Luego, con un violento sobresalto, recordó su tarea. Reflexionó en el espaciano que yacía muerto allá en Espaciópolis, y se percató de que, durante horas enteras, inmerso en su propio dilema, había olvidado por completo el hecho frío y escueto del asesinato.

5
Análisis de un Asesinato

Jessie se despidió de ellos. Púsose un abrigo de ceratofibra y manifestó:

–Os dejo. Sé muy bien que tenéis por delante mucho que discutir.

Hizo pasar a su hijo en cuanto abrió la puerta.

–¿A qué hora volverás, Jessie? –preguntó Baley.

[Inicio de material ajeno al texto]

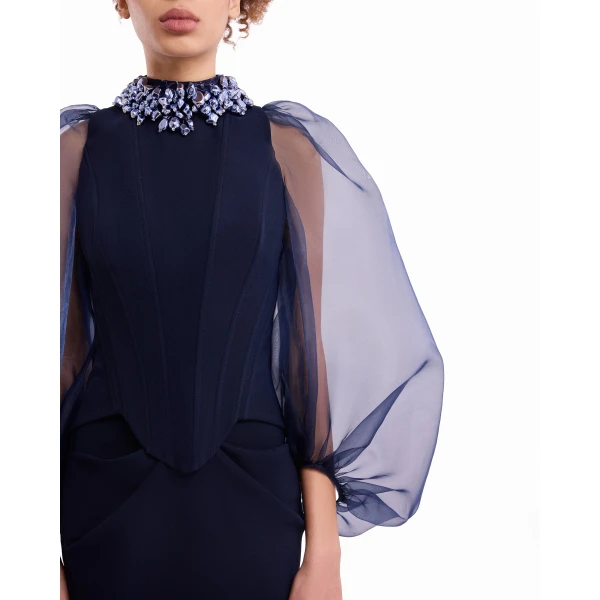 Gemy Maalouf Beaded High-Neck Set, view 5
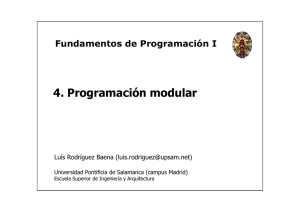 Programación modular - Luís Rodríguez Baena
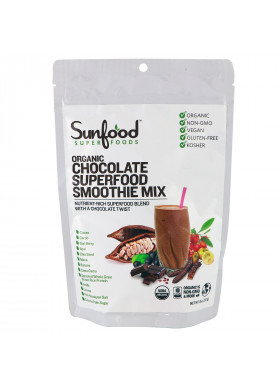 Sunfood, Organic Chocolate Superfood Smoothie Mix, 8 oz (227 g)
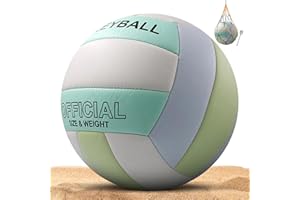 KWJEIULSOQ Volleyball Beachvolleyball Soft Wasserfest Offizieller Vollyball mit Netz Soft Touch Beachvolleyball für Beach, Strand, Pool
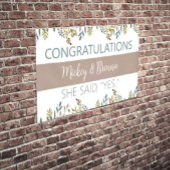 Perfecte blik! Aangepaste verloving banner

–¿A qué hora deseas que regrese?

–Pues..., no hay necesidad de quedarse fuera toda la noche. ¿Por qué no regresas a la hora acostumbrada? Como a medianoche.

Le lanzó una mirada interrogativa a R. Daneel. Este asintió levemente con la cabeza, excusándose:

–Lamento que...

–No tiene importancia. Nadie me exige que me vaya. Además, es mi noche para salir con mis amigas. Ven conmigo, Bentley.

El jovenzuelo se mostró un poco rebelde.

–Caray, ¿por qué diablos debo ir yo también? No los voy a molestar.

–Haz lo que te ordeno.

–Entonces, ¿por qué no he de poder acompañarte a los etéricos?

–Porque yo voy con algunas amigas y, además, tú tienes otras cosas que hacer... –La puerta se cerró tras ellos.

Y ahora había llegado el momento. Baley lo había estado apartando de su mente. Pensaba: «Presentémonos primero con el robot, veamos cómo es». Luego: «Llevémoslo a casa». Y después: «Comamos antes».

Sólo que ahora ya no había lugar para nuevas dilaciones. Por fin se veían enfrentados al asunto del asesinato, con las complicaciones interestelares, los posibles ascensos en la clasificación, o con una probable desgracia. Y carecía de medios de iniciarlo, excepto recurriendo al robot en busca de ayuda.

R. Daneel indagó:

–¿Tan seguros estamos de que no nos pueden oír?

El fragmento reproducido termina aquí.